In this scenario, two identical table pointers are added to m_probe_input_tables, causing handler->position(table->record[0]) to be executed twice in RequestRowId(). At this time, each record on the Probe side will be executed one more time, which may have some performance impact. In the implementation of HashJoin, the repeated TABLE pointers may introduce redundant call execution in the INIT, BUILD, and PROBE stages.

Therefore, there are two issues that need to be discussed:
1. In the implementation of HashJoin, repeated TABLE pointers may have performance impact.
2. All code logic that uses STOP_AT_MATERIALIZATION may need to be evaluated to determine whether it really needs to stop at MATERIALIZATION.

How to repeat:
As above.

Hello tianfeng li,

Thank you for the report and feedback.

regards,
Umesh

Documented fix as follows in the MySQL 8.4.0 changelog:

    In queries that materialized rows in a temporary table before
    performing hash join or streaming aggregation, data was
    sometimes copied twice from the temporary table to the join
    buffer or aggregation buffer.
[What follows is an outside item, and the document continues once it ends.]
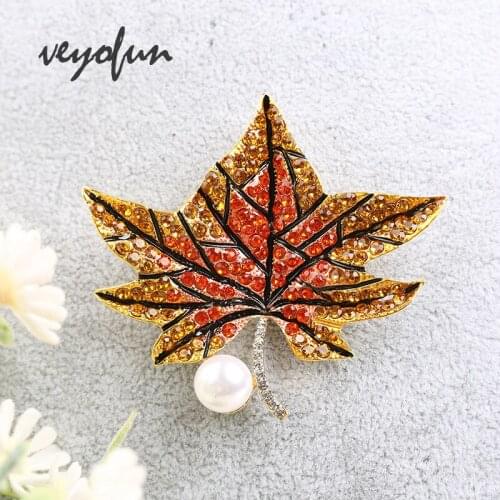 Veyofun Maple Leaves ZA Pearl Rhinestone Brooch pin for Women Vintage Jewelry Accessories New 2019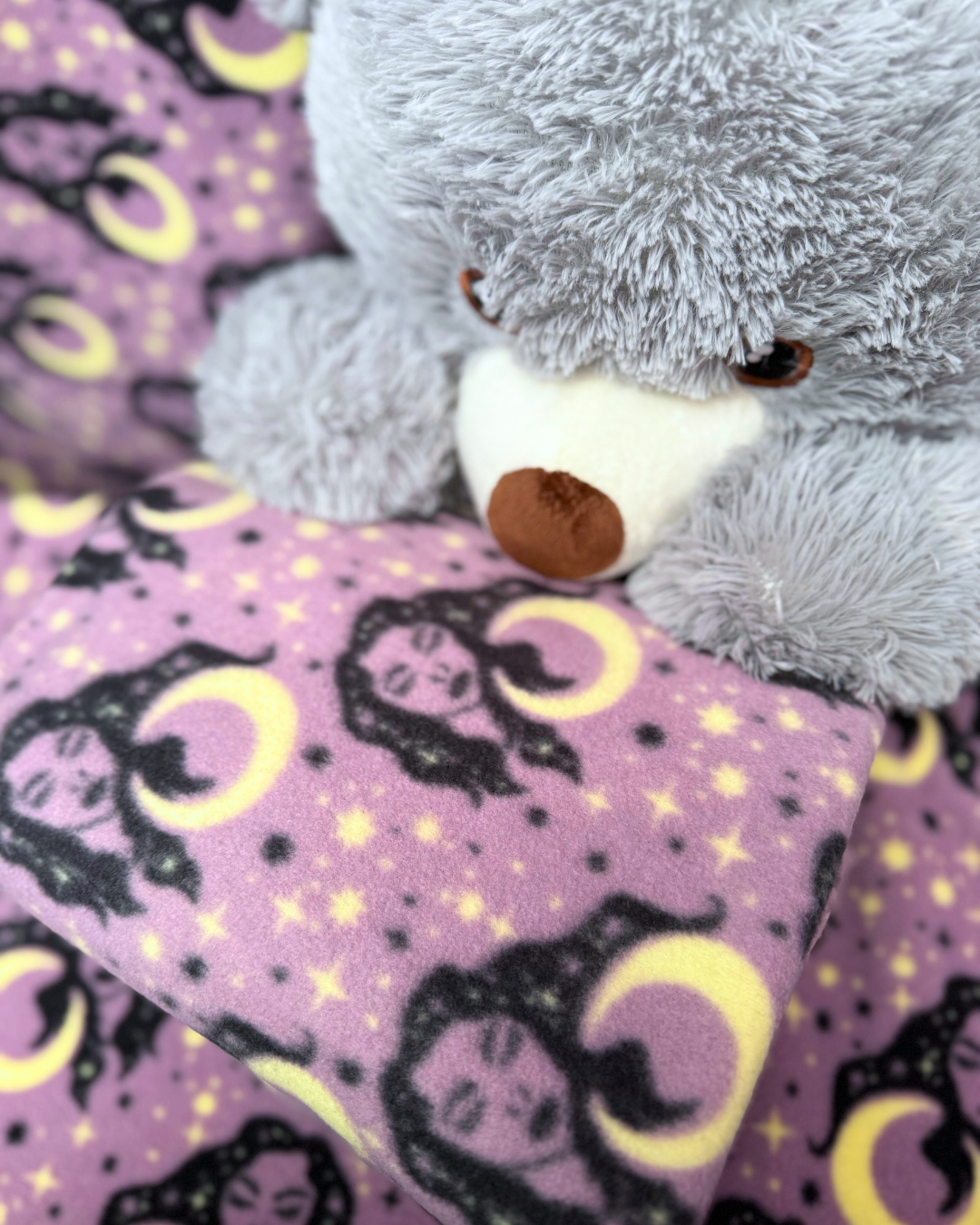 Polar Fleece Printed Anti-Pill Soft Washable Fabric- Lady Moon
While this did not cause any wrong
    results, it led to inefficient use of buffer space with a
    possible negative impact on performance.

    This was due to WalkTablesUnderAccessPath() visiting tables in
    MATERIALIZE access paths twice: first when it saw the
    MATERIALIZE access path, and then again when it visited the
    table_path member of the MATERIALIZE access path.

    We fix this by not visiting the table when seeing the
    MATERIALIZE path, and doing so only when seeing the table_path
    below MATERIALIZE.

Closed.